We need the two-tailed critical t-value for a confidence level of 95% and 60 degrees of freedom. You can find this value using a t-distribution table or calculator. It's approximately ± 1.992.

c) Confidence Interval Calculation:

Confidence Interval = x̄ ± (critical t-value) * (standard error)

Standard Error (SE) = s / √n = 14 minutes / √61 ≈ 2.23 minutes

Lower Bound: 48 minutes - (1.992) * (2.23 minutes) ≈ 43.3 minutes Upper Bound: 48 minutes + (1.992) * (2.23 minutes) ≈ 52.7 minutes

Interpretation:

We can be 95% confident that the true average stage IV sleep duration for the population of Alzheimer's patients falls between 43.3 and 52.7 minutes per night.

Note: This confidence interval applies to the population mean, not a specific individual. We cannot determine the exact stage IV sleep duration for any single patient with this information.

2. World Events Knowledge of Students

We can compute a 99% confidence interval for the average world events knowledge score of the university's students. Here's the breakdown:

a) Formula and Values:

Similar to the first case, we'll use a one-sample t-distribution for the confidence interval.

• Confidence Level (α) = 1 - 0.99 = 0.01 (1%) for a 99% confidence interval
• Degrees of freedom (df) = n - 1 = 30 - 1 = 29
• Sample mean (x̄) = 58 points
• Standard Error (SE) = 3.2 points (provided)

b) Critical t-value:

Find the two-tailed critical t-value for a confidence level of 99% and 29 degrees of freedom. This value is approximately ± 2.756.
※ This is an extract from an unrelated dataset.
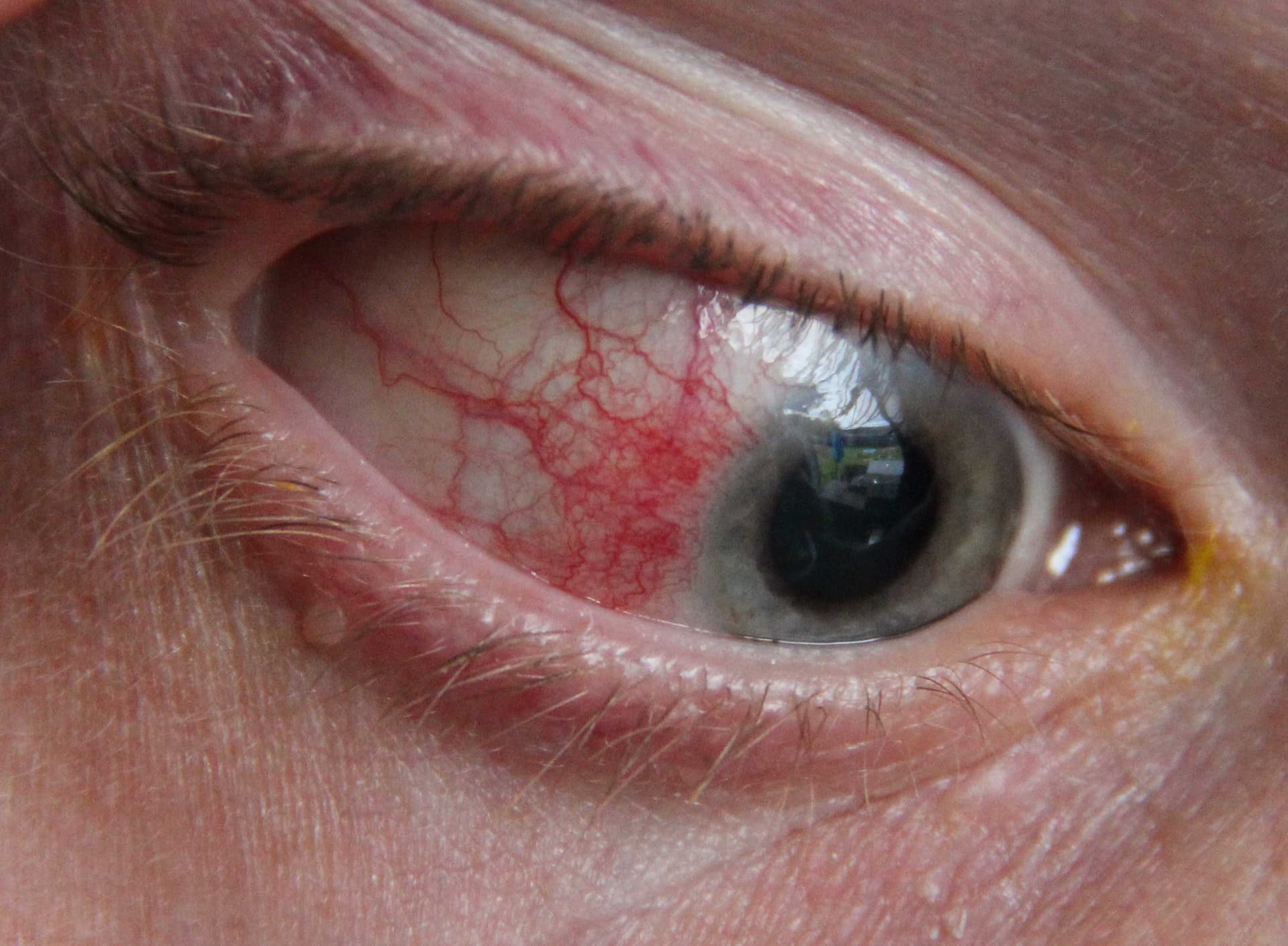 Episcleritis showing sectoral superficial redness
c) Confidence Interval Calculation:

Confidence Interval = x̄ ± (critical t-value) * (standard error)

Lower Bound: 58 points - (2.756) * (3.2 points) ≈ 49.6 points Upper Bound: 58 points + (2.756) * (3.2 points) ≈ 66.4 points

Interpretation:

We can be 99% confident that the true average world events knowledge score for all students at the university falls between 49.6 and 66.4 points.

Comparison with National Sample:

The national reported mean score is 65 points. The confidence interval for the university students (49.6 - 66.4) includes the national average. However, the lower bound is slightly lower than the national mean, suggesting the university students might score slightly lower on average compared to the national sample.

Note: This analysis is based on a sample and doesn't confirm a definitive difference. A larger sample size or a hypothesis test would provide stronger evidence.

Sample Answer

Confidence Intervals for Sleep and World Events Knowledge

1. Stage IV Sleep in Alzheimer's Patients

We can compute a 95% confidence interval for the average stage IV sleep duration in this scenario. Here's how:

a) Formula and Values:

We'll use the one-sample t-distribution for the confidence interval as the population standard deviation (σ) is unknown and the sample size (n) is less than 30.